Aún más, Anderson afirma que policías y bomberos de Río formaron milicias para atacar las bandas de narcotraficantes y asesinar a sus miembros, y que ya dominan más de cien favelas. Se recuerda que en marzo de 2005, la Policía de esa ciudad asesinó a 29 civiles como protesta por el arresto de unos uniformados que habían sido filmados mientras se deshacían de los cuerpos de personas que habían asesinado. Alfredo Sirkis, ex guerrillero y concejal de Río, le dijo a Anderson: “la policía recibe dinero de las bandas de las favelas como protección, aquellos que no reciben pago van y asesinan a todos y le entregan la operación a otra banda. La policía tiene un acuerdo de exterminio con las bandas”.

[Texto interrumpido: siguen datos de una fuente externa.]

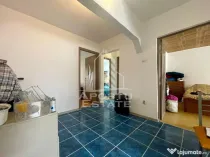 Apartament decomandat cu 3 camere - zona Centrala
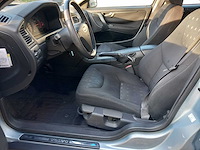 Volvo - 2001 - s60 - 2.4- automaat - personenauto - afbeelding 11 van  16
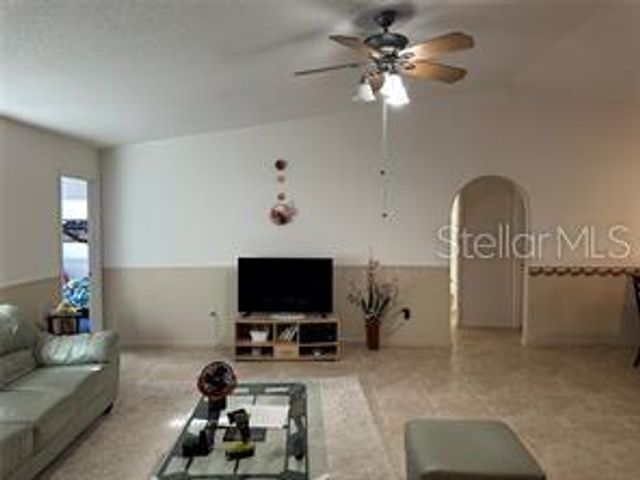 746 MADERIA COURT, Kissimmee, FL 34758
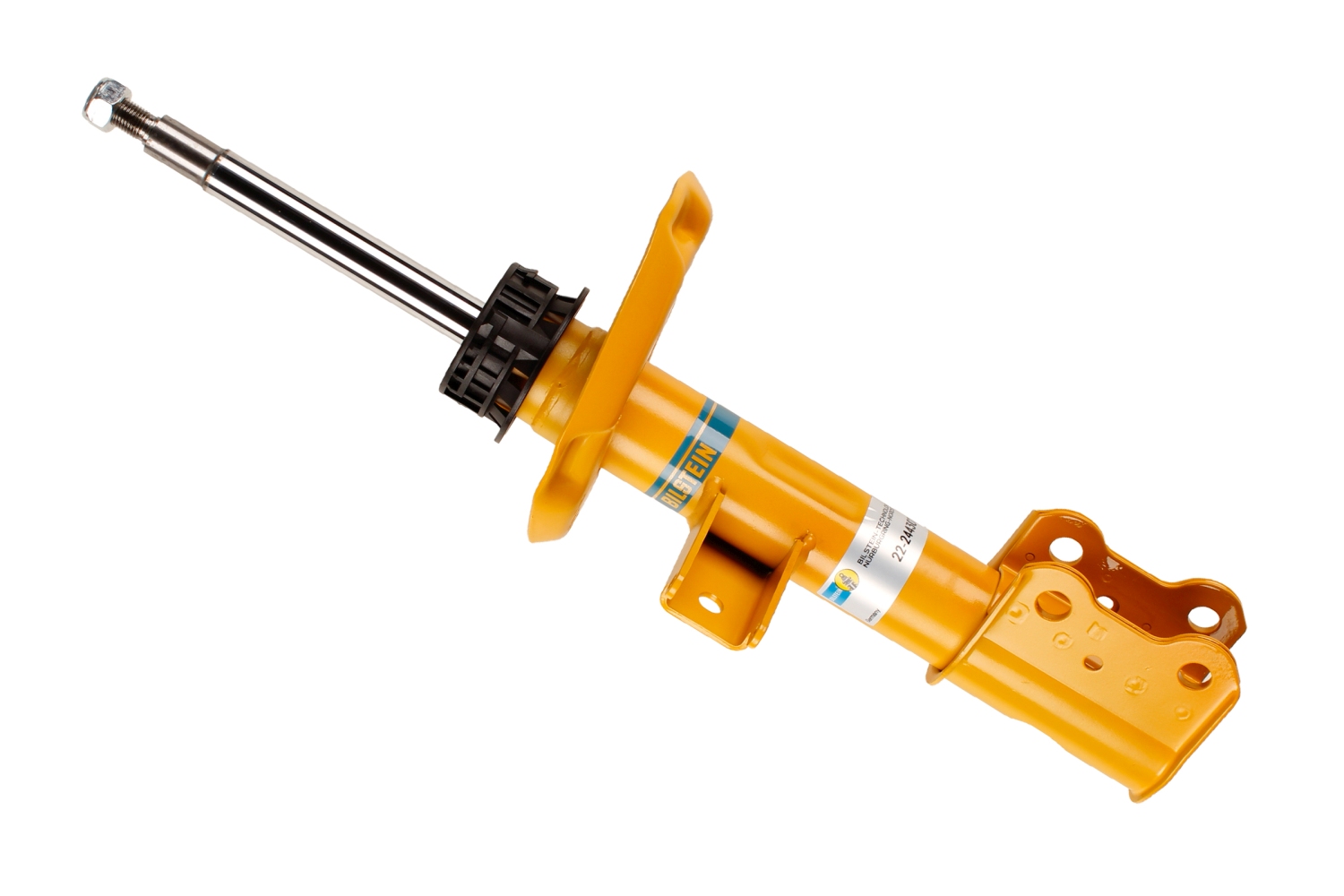 Bilstein B8 L.voorkant Schokdemper Mercedes Gla X156
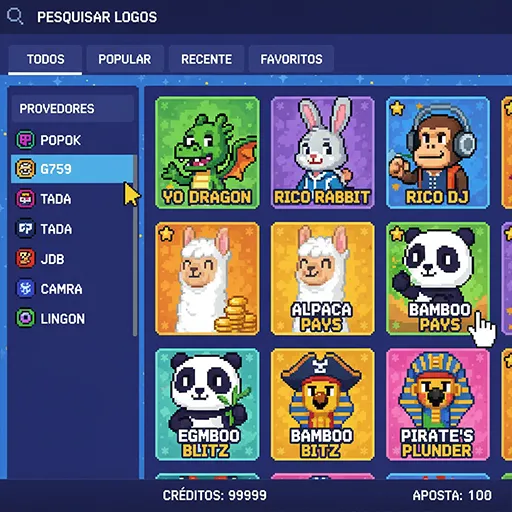 aa33.com descubra avançado jogo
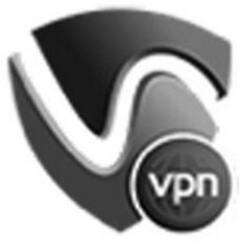 VS vpn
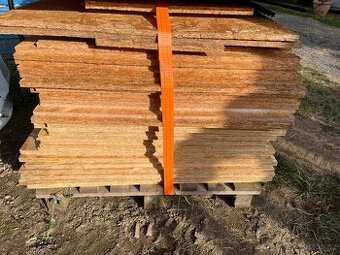 OSB
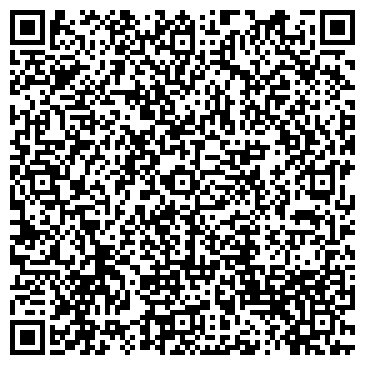 QR-код с контактной информацией организации АЗС, ОАО Роснефть-Кубаньнефтепродукт, №51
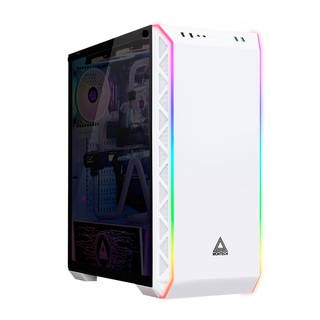 Vỏ máy tính - Case Montech Air 900 ARGB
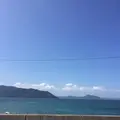 弓削島の写真_159237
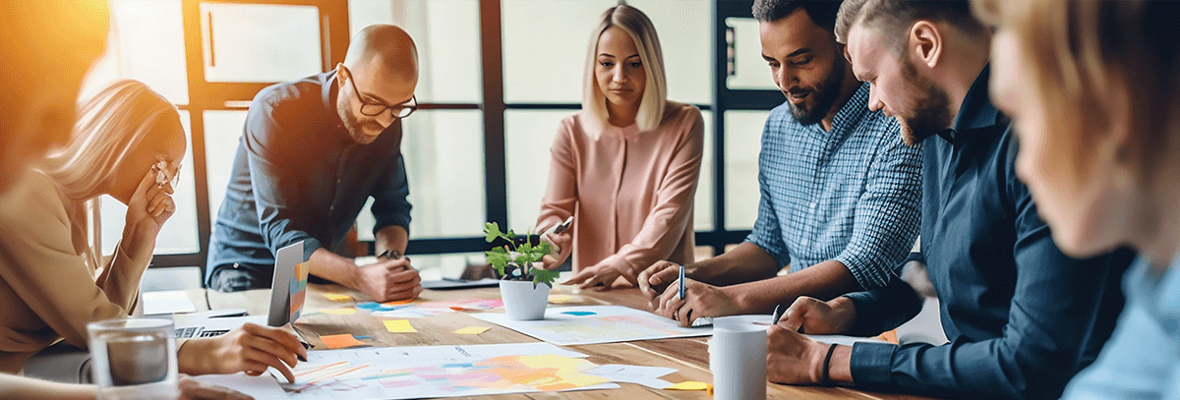 Transform Your Music Career with the Right Hip Hop PR Agency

El quinto factor es la impunidad. Según Sirkis, “el porcentaje de crímenes resueltos aquí en Río es ridículo, un noventa por ciento de los homicidios nunca se resuelven”. Y la evasiva, para no actuar, es que “toda esta violencia proviene de alguna injusticia”, o sea la misma excusa con la que algunos tratan de justificar la existencia de las guerrillas colombianas.
La impotencia del Estado brasileño es enorme.
Lula prometió en su primer mandato pacificar las favelas de Río sin resultado. Este año, la Fuerza Pública decidió ocupar permanentemente estos lugares, reduciendo levemente los índices de violencia generada por los traficantes de droga. En octubre último, como si se tratara de un escenario de guerra convencional, un helicóptero de la Policía fue derribado a tiros de fusil en una favela. Los enfrentamientos armados son el pan de cada día. Y ahí es donde se harán los Juegos Olímpicos en 2016, y ese es el país, Brasil, que nos pintan como una superpotencia.